Start of Block
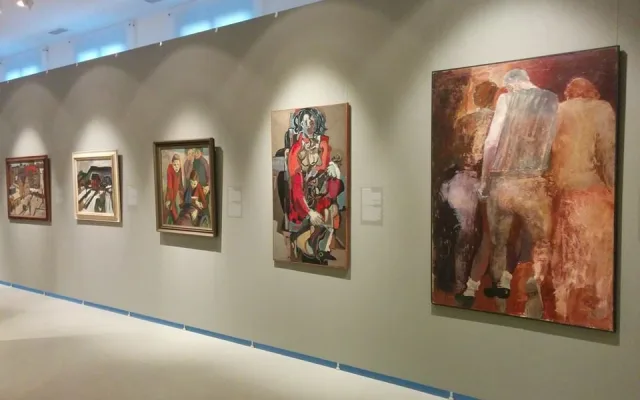 V galerii začala trojice výstav, na jedné jsou pařezy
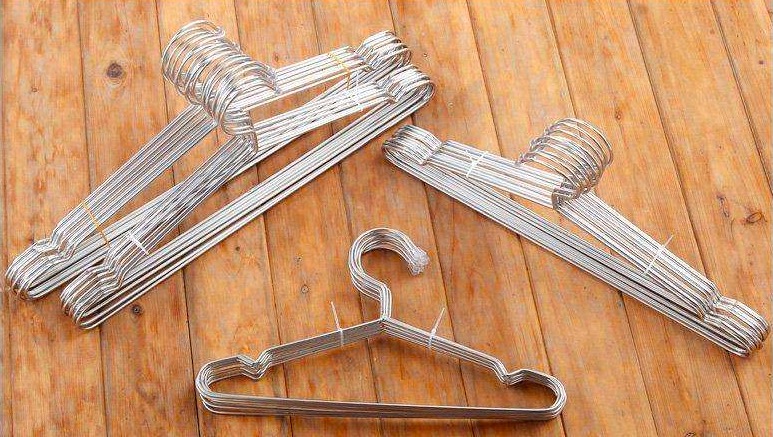 實(shí)木衣架好還是不銹鋼衣架好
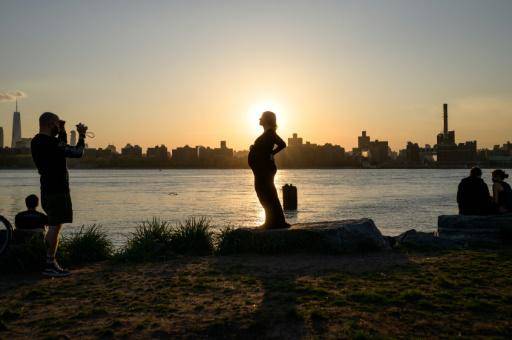 La población en EEUU crece solo por los migrantes, algo nunca visto desde 1850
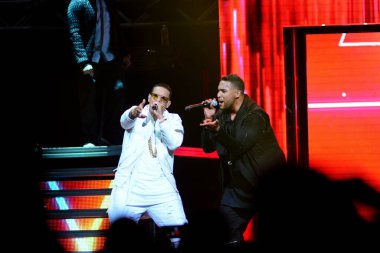 Baba Yankee ve Don Omar 7 Ağustos 2016 'da Orlando Florida' daki Amway Center 'da konser verdiler.. 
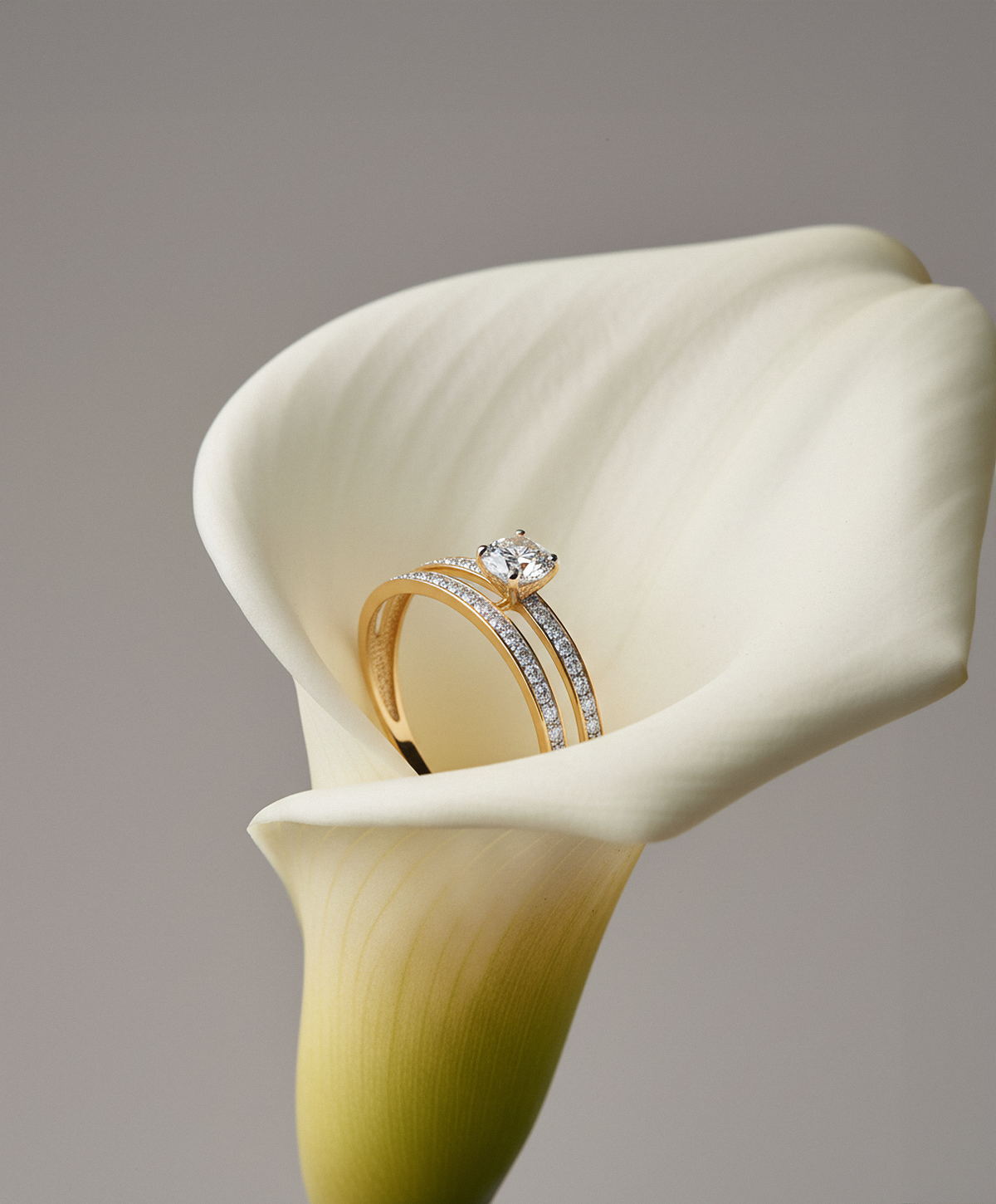 Кольцо из золота с фианитом, 019249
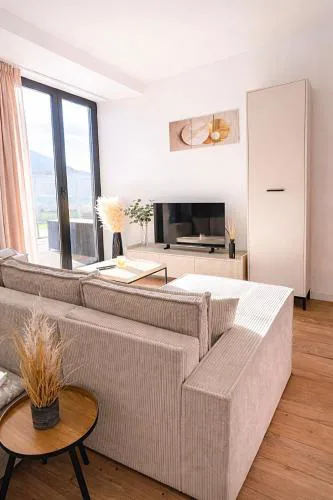 Moderný apartmán so súkromnou terasou v centre Banskej Bystrice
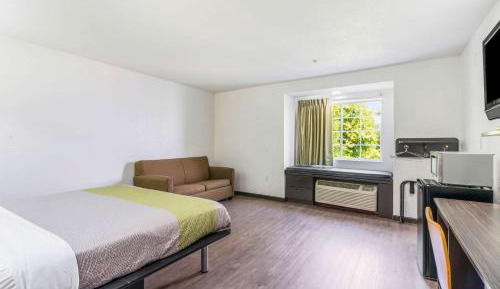 King Room - Disability Access - Non-Smoking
End of Block
WHAT THE EXERCISE ASKS:
Using the data above, copy exactly the lines from the one containing "實(shí)木衣架好還是不銹鋼衣架好" to the one containing "Moderný apartmán so", inclusive. Exclude the pictures.

RESPONSE TO THE EXERCISE:
 實(shí)木衣架好還是不銹鋼衣架好
 La población en EEUU crece solo por los migrantes, algo nunca visto desde 1850
 Baba Yankee ve Don Omar 7 Ağustos 2016 'da Orlando Florida' daki Amway Center 'da konser verdiler.. 
 Кольцо из золота с фианитом, 019249
 Moderný apartmán so súkromnou terasou v centre Banskej Bystrice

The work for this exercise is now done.